Phrase in North Korean propaganda

"We have nothing to envy in the world" is a common phrase in North Korean propaganda.

==Usage of the phrase==
The phrase was used in the gift packets the North Korean children receive during the Day of the Sun and Day of the Shining Star events since the 1970s. The phrase was also the title of a performance in North Korea commemorating the 70th anniversary of the Korean Children's Union in 2016. In a rock in Mount Kumgang the lyrics to the song with the same phrase is inscribed which was done commemorating the 25th anniversary of the Korean Children's Union in 1972. The phrase was also written on the one North Korean won.

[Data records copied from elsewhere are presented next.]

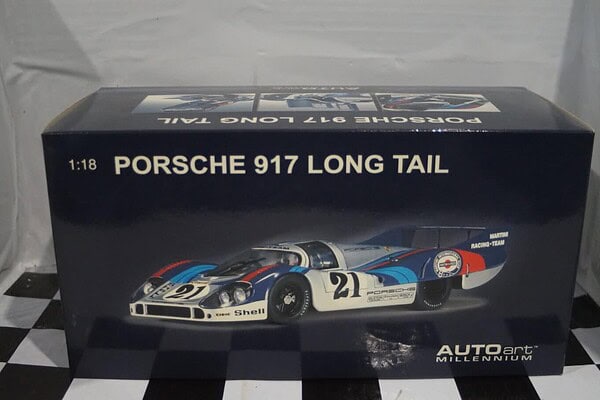 Autoart aston martin vantage 12hr endurance 2015 #99a 1:18 scale 81507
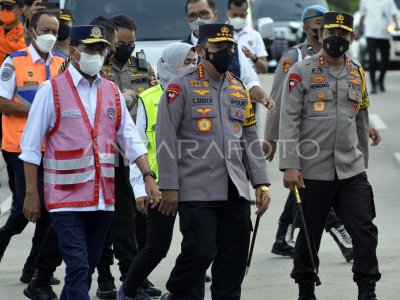 MENHUB DAN KAPOLRI TINJAU ARUS BALIK DI PELABUHAN BAKAUHENI | ANTARA Foto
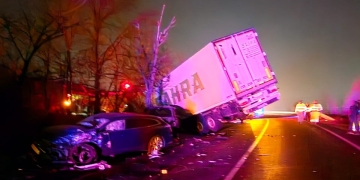 Accident grav pe un drum din Banat! Două tiruri și două mașini s-au ciocnit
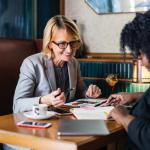 Deux femmes en entretien d'embauche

==Works inspired from the phrase==
===Song===

The song was composed in 1961 by North Korean composer Kim Hyuk. The song was commonly sung during the 1980s but were not sung for a long time due to the North Korean famine in the 1990s until it was revived at the World Children's Day event in 2016.
The song received the Kim Jong Il Prize and Kim Il Sung Prize in May 2016. According to the Daily NK, the song's lyrics are reported to be parodied among the North Koreans.

===Film===
The film was made in 1970, and was produced by Pak Hak who directed the North Korean film The Flower Girl. The film incorporated Choi Seung-hee's version of the Buchaechum that was created in 1970 with the order of Kim Jong Il. The film is considered in North Korea as one of the greatest examples of films where the bangchang (Note: Bangchang (방창, 傍唱) is defined in the North Korean dictionary as "a song that explains and complements the mental state of the protagonist and dramatic progression" and is similar to job of Benshis that existed in the silent film era of Japan.) technique is applied.